Go to the line that contains "巴塞罗那La Meridian II的厨房配有白色橱柜和黑色瓷砖" in the records below and repeat it, and each line after it, exactly through the end, omitting pictures.

== == ==

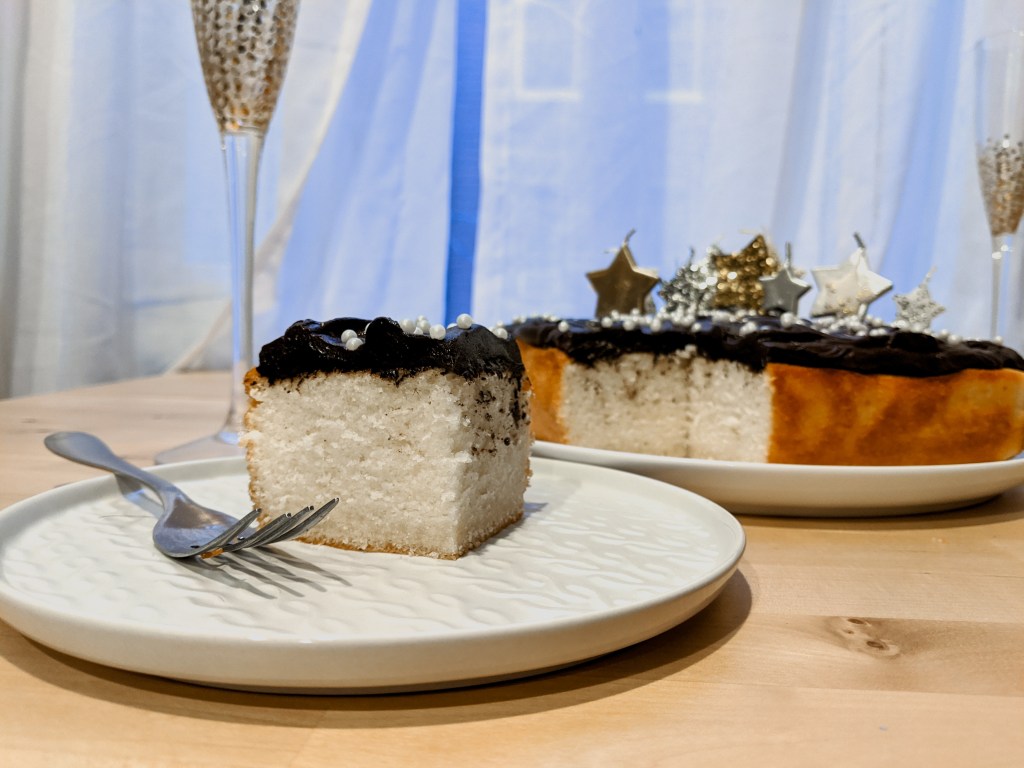 A  slice of white cake with chocolate frosting in front of the remaining cake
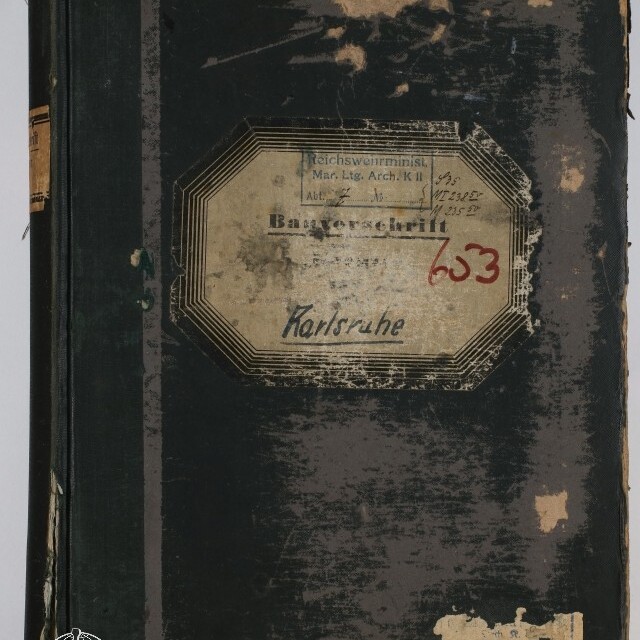 Abgenutztes dunkelgrünes bis schwarzes Buch mit stark abgegriffenem Einband und beschädigten Kanten; mittig ein achteckiges, vergilbtes Etikett mit verblasstem Druck, handschriftlicher Ortsangabe 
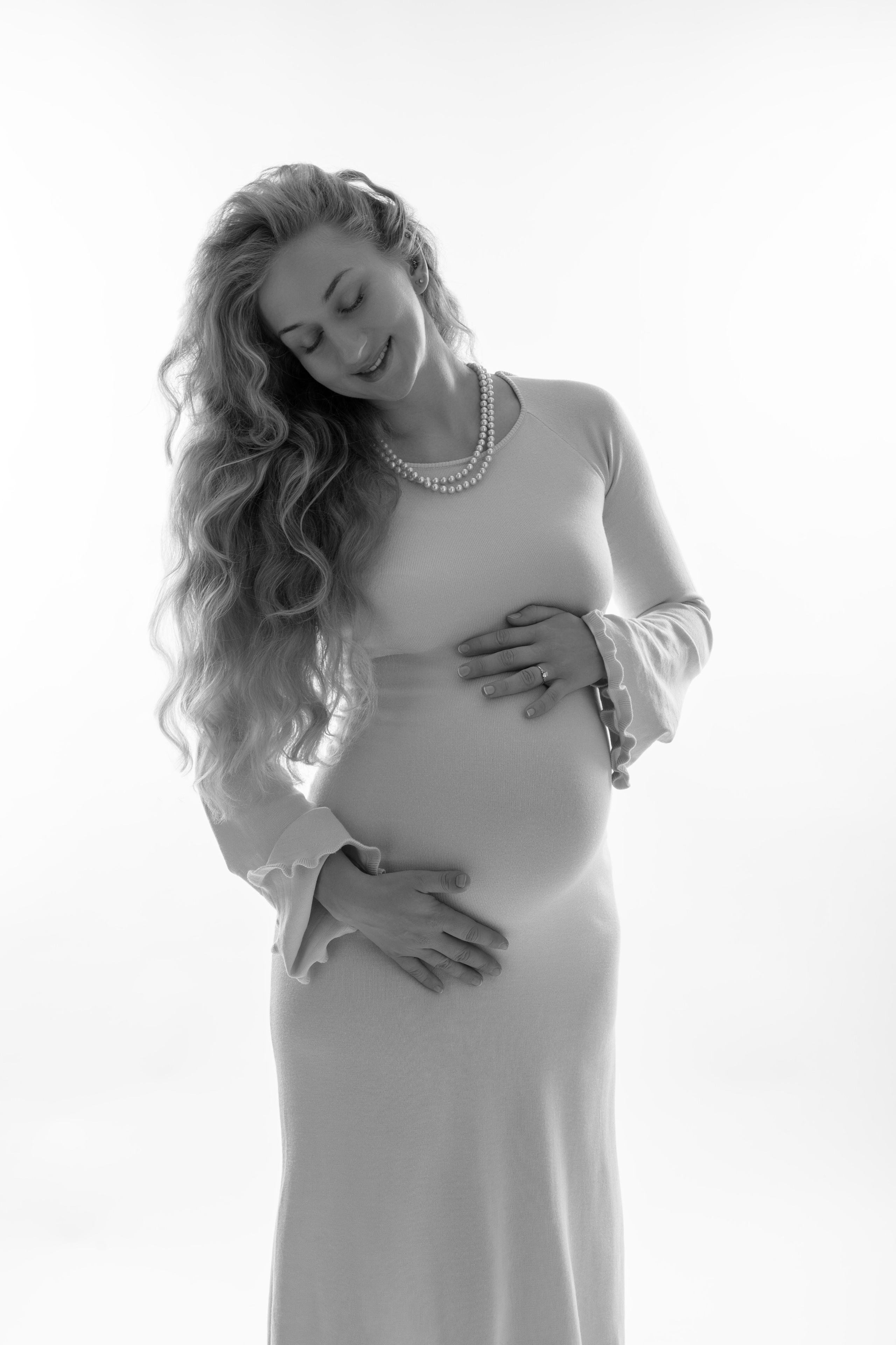 servizio fotografico gravidanza Padova donna incinta in studio luce naturale
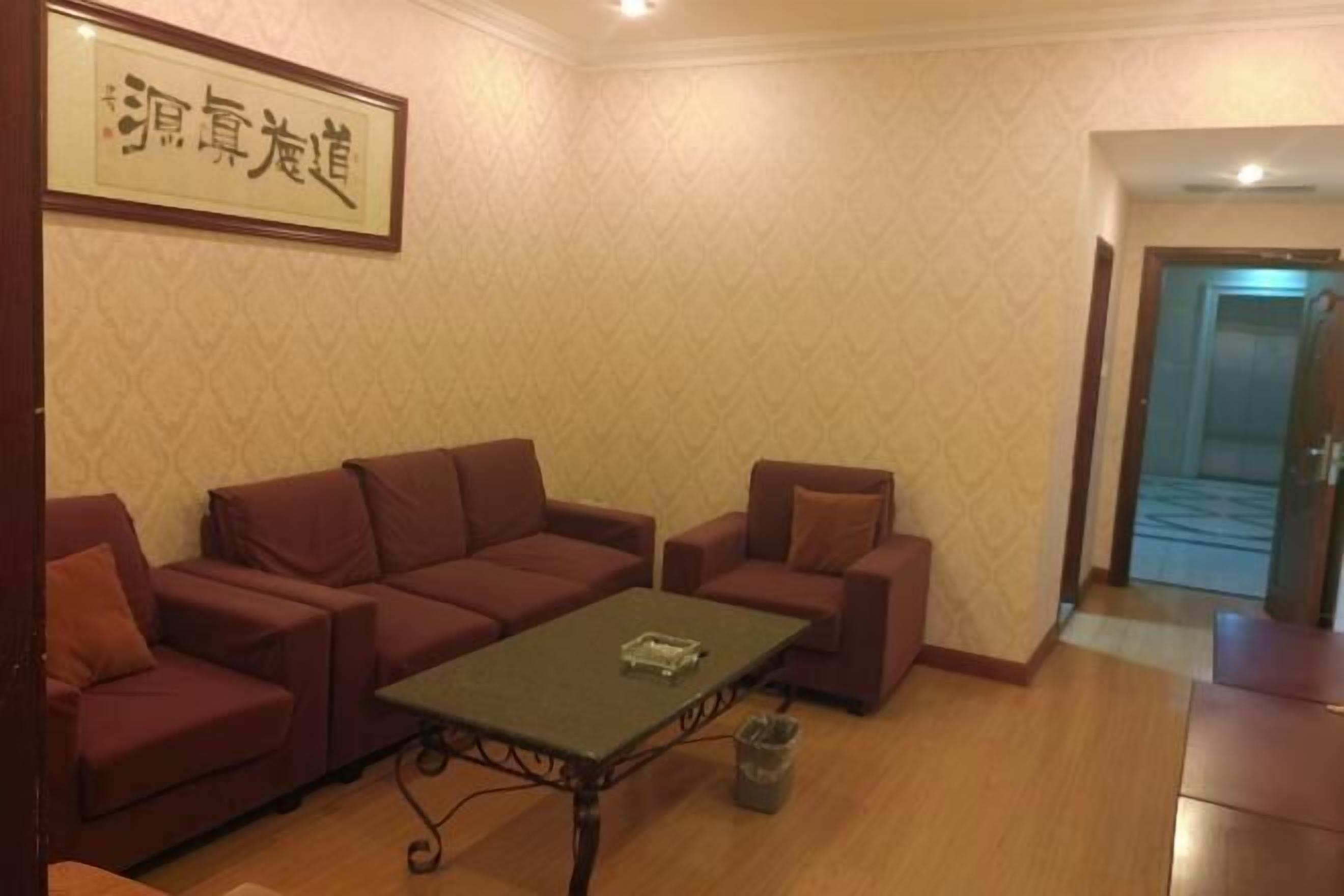 A room with a sofa set, a small table, and a trash bin.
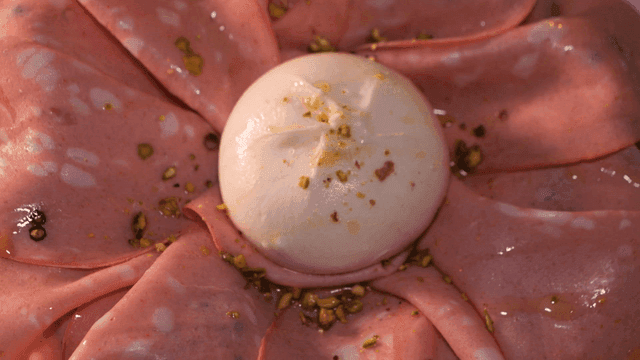 Mortadella pizza topped with meat slices and cheese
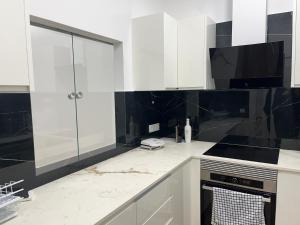巴塞罗那La Meridian II的厨房配有白色橱柜和黑色瓷砖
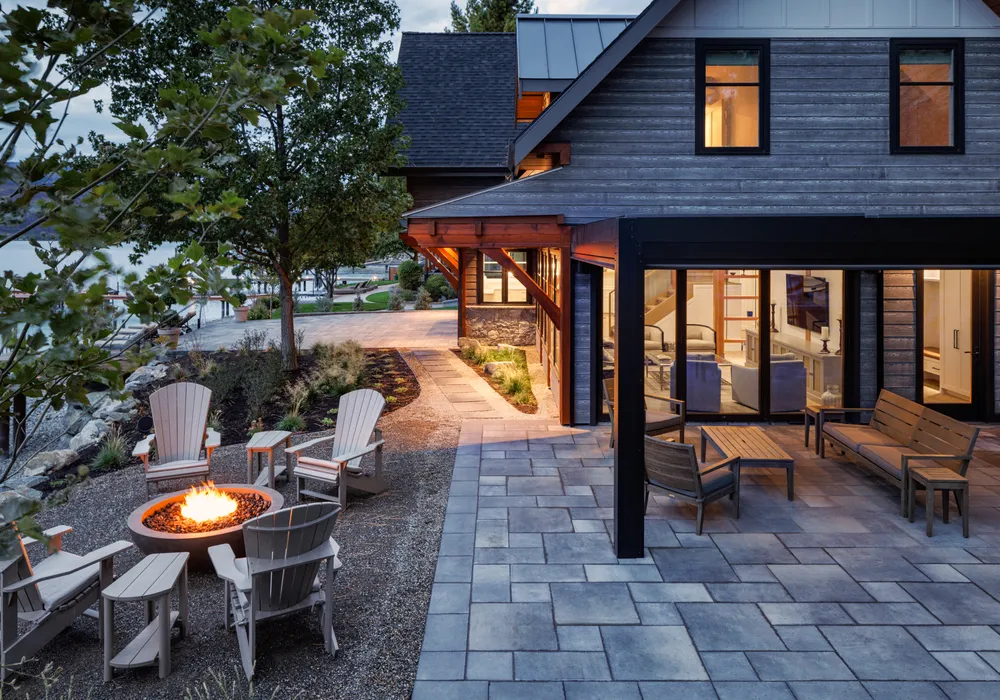 modern home and firepit and stone walkway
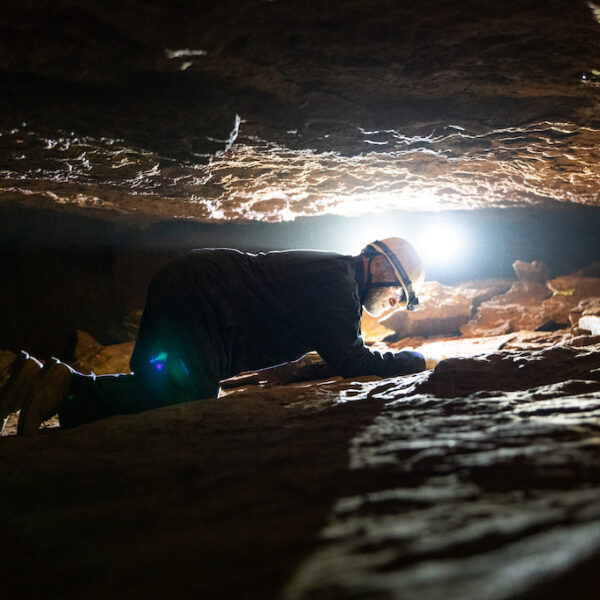 Man spelunking in a cave at Grand Caverns.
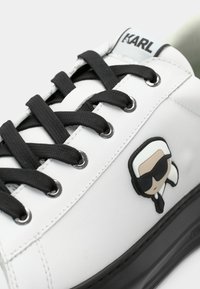 Białe skórzane sneakersy z czarnymi sznurowadłami i oczkami. Posiadają naszywkę z kreskówkową postacią w okularach przeciwsłonecznych po boku oraz logo na języku.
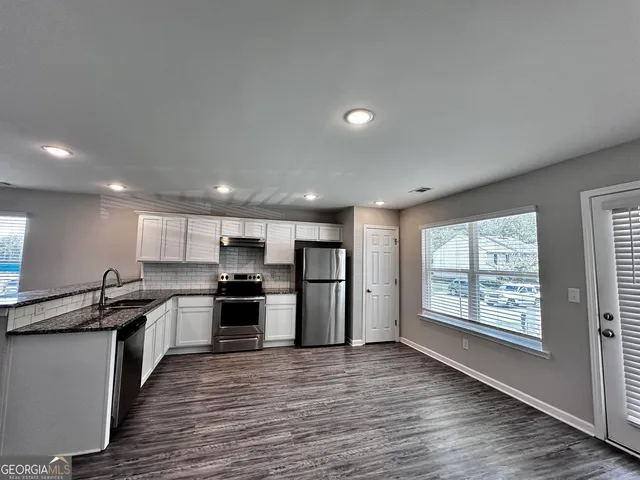 an open kitchen with kitchen island granite countertop a stove top oven a sink and dishwasher with wooden floor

== == ==

__Solution for this exercise__:
巴塞罗那La Meridian II的厨房配有白色橱柜和黑色瓷砖
 modern home and firepit and stone walkway
 Man spelunking in a cave at Grand Caverns.
 Białe skórzane sneakersy z czarnymi sznurowadłami i oczkami. Posiadają naszywkę z kreskówkową postacią w okularach przeciwsłonecznych po boku oraz logo na języku.
 an open kitchen with kitchen island granite countertop a stove top oven a sink and dishwasher with wooden floor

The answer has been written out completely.